Exercise details: An exact copy of the lines from the one containing "varian s compass" to the end of the records below is required, and nothing else.

Exercise data:
=-=-=
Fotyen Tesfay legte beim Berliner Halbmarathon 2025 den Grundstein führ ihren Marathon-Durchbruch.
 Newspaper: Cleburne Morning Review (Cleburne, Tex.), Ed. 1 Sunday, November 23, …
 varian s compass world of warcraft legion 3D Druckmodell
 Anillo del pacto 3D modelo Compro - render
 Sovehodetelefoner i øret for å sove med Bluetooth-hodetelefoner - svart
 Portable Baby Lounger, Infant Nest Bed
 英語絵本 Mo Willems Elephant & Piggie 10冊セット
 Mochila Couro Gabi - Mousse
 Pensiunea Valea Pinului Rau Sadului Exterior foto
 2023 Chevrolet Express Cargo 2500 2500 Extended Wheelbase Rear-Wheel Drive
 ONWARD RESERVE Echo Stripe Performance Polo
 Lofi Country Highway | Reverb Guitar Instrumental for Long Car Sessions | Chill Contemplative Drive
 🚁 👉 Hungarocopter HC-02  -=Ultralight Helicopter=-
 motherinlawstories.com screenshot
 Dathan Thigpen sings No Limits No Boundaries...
=-=-=
Exercise result:
 varian s compass world of warcraft legion 3D Druckmodell
 Anillo del pacto 3D modelo Compro - render
 Sovehodetelefoner i øret for å sove med Bluetooth-hodetelefoner - svart
 Portable Baby Lounger, Infant Nest Bed
 英語絵本 Mo Willems Elephant & Piggie 10冊セット
 Mochila Couro Gabi - Mousse
 Pensiunea Valea Pinului Rau Sadului Exterior foto
 2023 Chevrolet Express Cargo 2500 2500 Extended Wheelbase Rear-Wheel Drive
 ONWARD RESERVE Echo Stripe Performance Polo
 Lofi Country Highway | Reverb Guitar Instrumental for Long Car Sessions | Chill Contemplative Drive
 🚁 👉 Hungarocopter HC-02  -=Ultralight Helicopter=-
 motherinlawstories.com screenshot
 Dathan Thigpen sings No Limits No Boundaries...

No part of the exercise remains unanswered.